*ENTRIES PROVIDED:*
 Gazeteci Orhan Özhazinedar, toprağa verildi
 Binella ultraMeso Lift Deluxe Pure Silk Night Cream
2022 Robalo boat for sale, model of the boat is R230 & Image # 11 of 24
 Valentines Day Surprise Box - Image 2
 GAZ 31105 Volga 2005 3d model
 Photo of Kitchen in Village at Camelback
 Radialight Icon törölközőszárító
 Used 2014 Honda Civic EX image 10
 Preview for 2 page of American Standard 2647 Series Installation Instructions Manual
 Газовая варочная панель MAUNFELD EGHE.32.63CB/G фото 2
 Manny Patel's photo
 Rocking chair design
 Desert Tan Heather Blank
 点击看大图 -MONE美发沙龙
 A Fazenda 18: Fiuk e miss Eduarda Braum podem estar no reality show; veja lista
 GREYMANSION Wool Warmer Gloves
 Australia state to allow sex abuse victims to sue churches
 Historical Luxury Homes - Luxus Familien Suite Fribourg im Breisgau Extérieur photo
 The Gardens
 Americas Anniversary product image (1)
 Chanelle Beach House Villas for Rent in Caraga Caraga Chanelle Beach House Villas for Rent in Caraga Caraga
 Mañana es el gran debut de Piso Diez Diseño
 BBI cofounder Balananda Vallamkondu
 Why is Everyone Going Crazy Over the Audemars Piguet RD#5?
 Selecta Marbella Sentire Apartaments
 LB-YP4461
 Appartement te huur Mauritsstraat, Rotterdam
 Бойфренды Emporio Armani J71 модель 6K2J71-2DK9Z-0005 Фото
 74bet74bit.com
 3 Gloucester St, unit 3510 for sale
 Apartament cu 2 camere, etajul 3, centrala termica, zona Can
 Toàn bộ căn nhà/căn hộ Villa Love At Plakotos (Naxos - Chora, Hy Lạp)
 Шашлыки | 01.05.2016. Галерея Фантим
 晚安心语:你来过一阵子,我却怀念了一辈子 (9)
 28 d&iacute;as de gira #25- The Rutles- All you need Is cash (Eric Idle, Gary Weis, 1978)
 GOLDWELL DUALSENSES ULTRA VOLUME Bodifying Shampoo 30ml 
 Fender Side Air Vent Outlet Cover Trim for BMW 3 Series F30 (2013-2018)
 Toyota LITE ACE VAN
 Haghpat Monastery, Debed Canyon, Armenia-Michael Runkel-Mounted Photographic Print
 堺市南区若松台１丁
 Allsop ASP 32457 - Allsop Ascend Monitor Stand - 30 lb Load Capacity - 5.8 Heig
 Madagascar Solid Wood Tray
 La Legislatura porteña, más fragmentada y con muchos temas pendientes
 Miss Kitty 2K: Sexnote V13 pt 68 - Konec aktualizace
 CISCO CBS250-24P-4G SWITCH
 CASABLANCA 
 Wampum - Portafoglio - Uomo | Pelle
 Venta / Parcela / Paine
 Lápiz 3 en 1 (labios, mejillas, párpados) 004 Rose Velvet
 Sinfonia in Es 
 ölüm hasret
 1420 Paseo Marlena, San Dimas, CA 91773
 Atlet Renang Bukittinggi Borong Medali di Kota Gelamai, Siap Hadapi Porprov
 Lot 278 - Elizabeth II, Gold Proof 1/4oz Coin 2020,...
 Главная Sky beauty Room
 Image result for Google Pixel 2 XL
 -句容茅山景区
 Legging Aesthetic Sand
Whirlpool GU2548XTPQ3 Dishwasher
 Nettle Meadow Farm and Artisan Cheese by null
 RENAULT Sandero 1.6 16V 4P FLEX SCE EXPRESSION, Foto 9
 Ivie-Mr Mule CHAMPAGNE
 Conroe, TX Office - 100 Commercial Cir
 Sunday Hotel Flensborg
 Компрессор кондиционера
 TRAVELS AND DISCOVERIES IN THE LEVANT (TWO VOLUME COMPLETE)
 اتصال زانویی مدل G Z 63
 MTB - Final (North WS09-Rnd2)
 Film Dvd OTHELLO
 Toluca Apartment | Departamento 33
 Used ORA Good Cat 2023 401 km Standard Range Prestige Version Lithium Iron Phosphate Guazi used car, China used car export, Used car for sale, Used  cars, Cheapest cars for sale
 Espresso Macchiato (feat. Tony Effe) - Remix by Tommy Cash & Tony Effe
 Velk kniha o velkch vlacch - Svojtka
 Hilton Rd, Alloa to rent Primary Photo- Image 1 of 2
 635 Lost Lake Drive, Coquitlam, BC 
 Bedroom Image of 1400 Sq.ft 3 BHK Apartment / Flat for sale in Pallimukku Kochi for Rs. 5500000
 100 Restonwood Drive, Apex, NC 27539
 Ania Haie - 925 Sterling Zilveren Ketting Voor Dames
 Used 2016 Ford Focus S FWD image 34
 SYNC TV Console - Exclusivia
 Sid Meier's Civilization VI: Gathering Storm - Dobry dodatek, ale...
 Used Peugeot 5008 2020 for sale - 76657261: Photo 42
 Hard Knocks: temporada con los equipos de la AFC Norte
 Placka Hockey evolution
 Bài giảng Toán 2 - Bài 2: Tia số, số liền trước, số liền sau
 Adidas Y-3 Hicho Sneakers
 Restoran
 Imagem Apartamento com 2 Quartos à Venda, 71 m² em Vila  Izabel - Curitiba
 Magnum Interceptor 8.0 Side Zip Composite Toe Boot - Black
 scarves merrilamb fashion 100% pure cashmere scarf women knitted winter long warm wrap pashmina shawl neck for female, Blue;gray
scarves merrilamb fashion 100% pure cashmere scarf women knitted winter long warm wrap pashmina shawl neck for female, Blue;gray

*EXERCISE INSTRUCTIONS:*
If a line in the entries above contains the word "wrap", count it, and give only the final number.

*SOLUTION TO THE EXERCISE:*
2